The Bangalore-based company named veteran banker KV Kamath as its new chairman, and promoted S.D. Shibulal, a co-founder of the group and its chief operating officer, to chief executive. S Gopalakrishnan, the current chief executive, will become executive co-chairman.
This is the first time since Infosys was founded three decades ago that an outsider has been picked to lead the group, which has traditionally chosen top executives from within its own ranks.
The appointment of Mr Kamath, former chief executive of ICICI, India’s largest private sector bank, was welcomed by local opinion makers, however, some analysts warned that the move would raise concerns among investors as the shake-up was supposed to bring new faces into the business.
“Kamath is a positive choice in terms of governance and wisdom but it will not radicalise the business strategy,” said Pradeet Udhas, a founding partner at KPMG India. “The day-to-day business will remain in the hands of Shibulal and Gopalakrishnan.”

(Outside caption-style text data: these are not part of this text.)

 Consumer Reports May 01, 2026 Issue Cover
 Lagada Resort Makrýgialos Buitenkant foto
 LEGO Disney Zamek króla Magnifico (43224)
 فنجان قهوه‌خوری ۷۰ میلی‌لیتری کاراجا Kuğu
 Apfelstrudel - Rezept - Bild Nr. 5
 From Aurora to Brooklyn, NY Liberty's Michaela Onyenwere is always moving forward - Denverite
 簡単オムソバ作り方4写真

The changes will be effective from August when NR Narayana Murthy, the leading founder of Infosys and current chairman, retires.

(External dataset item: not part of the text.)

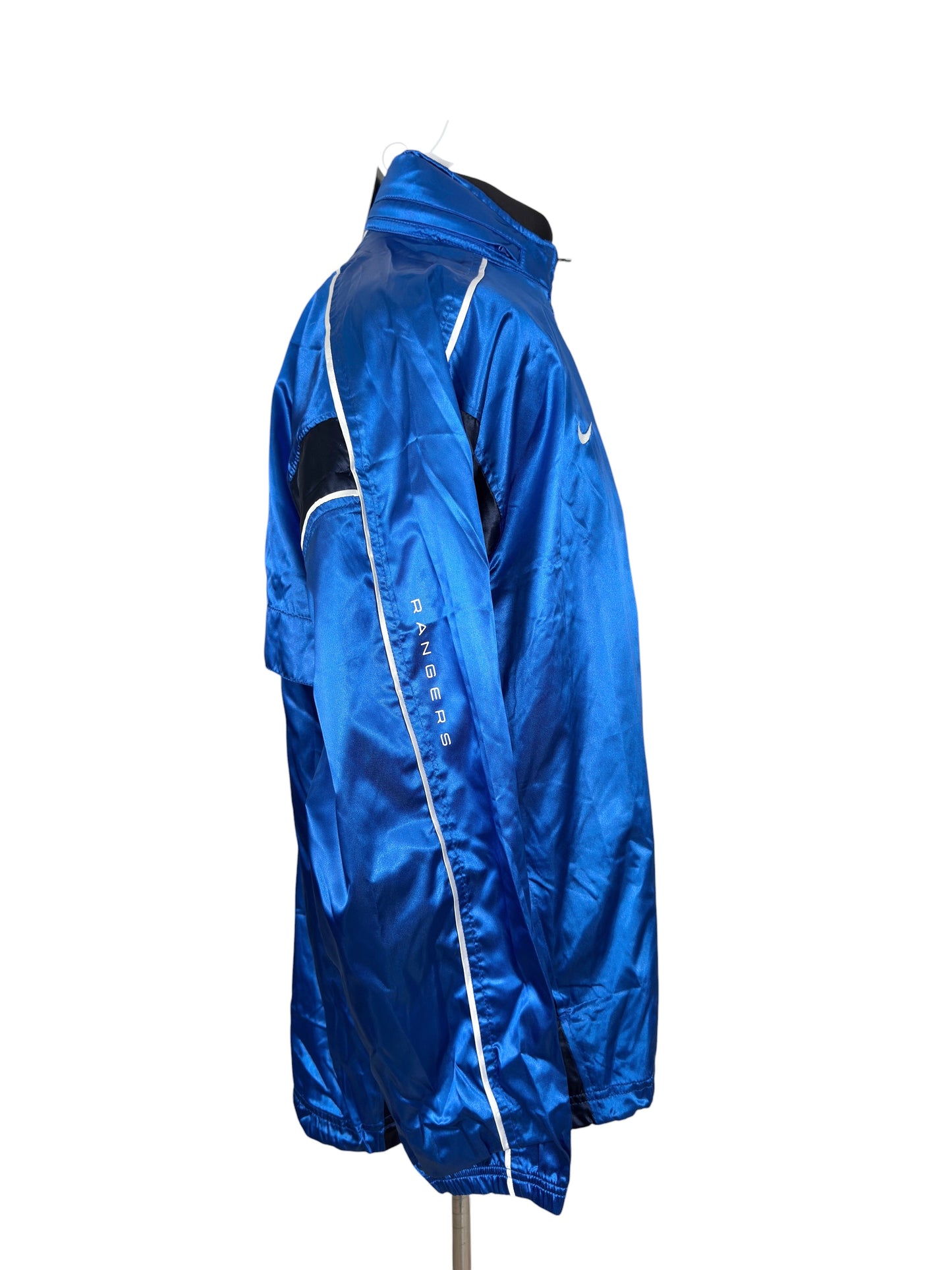 Rangers 2001-02 Nike Jacket - Size L - BNWT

“As we look ahead, we will ensure that this leadership transition is smooth as all other transitions have been in the past,” Mr Shibulal said. “We are also making other organisational changes to strengthen our market position and ability to serve our clients better.”
Infosys, which is known for being the bellwether of India’s flagship $60bn outsourcing industry, has been steadily losing market share to both larger rival Tata Consultancy Services and Cognizant, a rising star in the sector.
Shares in Infosys plunged nearly 10 per cent last month on the day it reported disappointing annual results a downbeat outlook for the next year. The group expects its revenues to grow by between 15-17 per cent, much lower than the 20 per cent analysts had been expecting.
The biggest concern for the group is the slow and uncertain recovery in the US and European economies, according to Ashok Vemuri, the group’s New York-based global head of banking and capital markets services.
“Europe and North America are concerning,” Mr Vemuri told the Financial Times. “As long as there is uncertainty in the US ahead of the [2012 presidential] elections and the European economy there will always be a cloud over our outlook.”